What Is George Will Doing At Fox News?

Here's a quick synopsis of George Will's last five columns for the Washington Post: bemoaning the politicization of the Federal Reserve Board; tracing the history of isolationism; counseling Republicans to let Obamacare stumble on its own; inveighing against college football's corruption and lawlessness; and examining the legacy of the Bay of Pigs invasion. In those five columns, Will cited a proposed constitutional amendment from 1938, used the phrases “semantic infiltration” and “perverse fecundity,” and quoted Ernest Hemingway and H.L. Mencken. He has degrees from Oxford and got his Ph.D from Princeton.

All this to say that George Will is a brainy fellow who enjoys a broad array of scholarly pursuits and has a long-running reputation as a public intellectual. And that's why it's kind of baffling that he's joining Fox News.

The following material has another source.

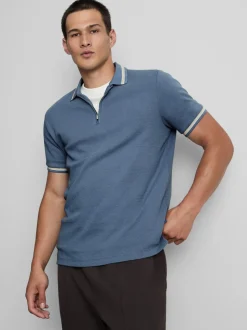 Polo con textura y cuello con cremallera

To be clear, Will's conservative politics and his counterfactual denialism of climate change fit the Murdoch network hand-in-glove. And he's an old, white conservative man joining what is basically the ongoing televised celebration of old, white conservative men. But the barking partisanship of Fox News and its crude appeals to cultural resentment don't mesh with Will's style of commentary and analysis. You look at George Will, in all his carefully cultivated patrician nerdiness, and the Fox News environment just seems wrong for him. He revels in elitism, whereas Fox News sops to Tea Party anger. Being associated with that does nothing for the George Will “brand,” if that's the right word for it. In fact, it probably hurts it.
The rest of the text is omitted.